Work instructions >> Please repeat the entire listing verbatim and keep the pictures out.

Given information >>
--- START ---

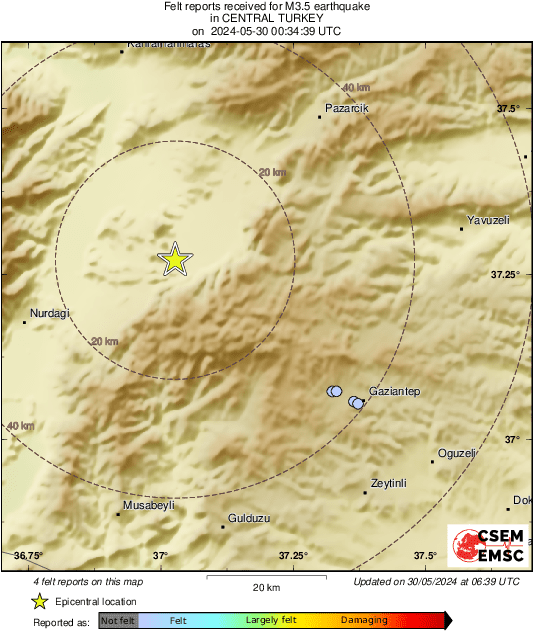 Intensity Map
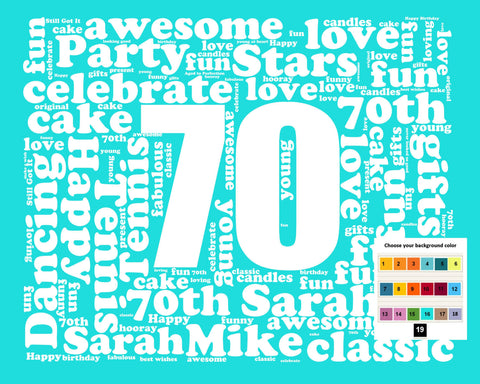 70th Birthday Gift Word Art 70th Birthday Seventy Birthday 8 X 10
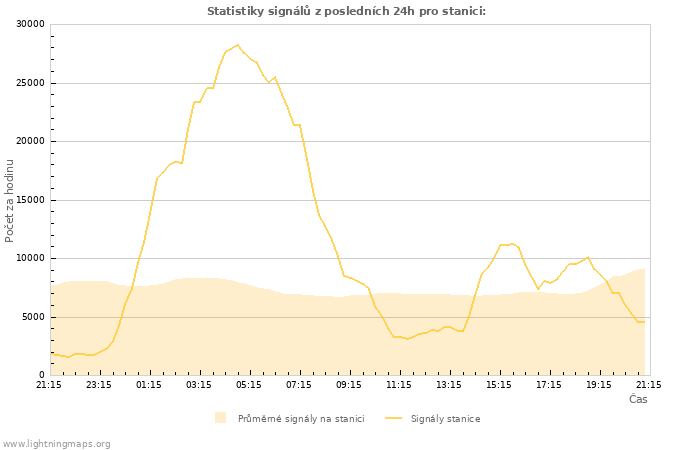 Grafy: Statistiky signálů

--- END ---

Answer area >>
 Intensity Map
 70th Birthday Gift Word Art 70th Birthday Seventy Birthday 8 X 10
 Grafy: Statistiky signálů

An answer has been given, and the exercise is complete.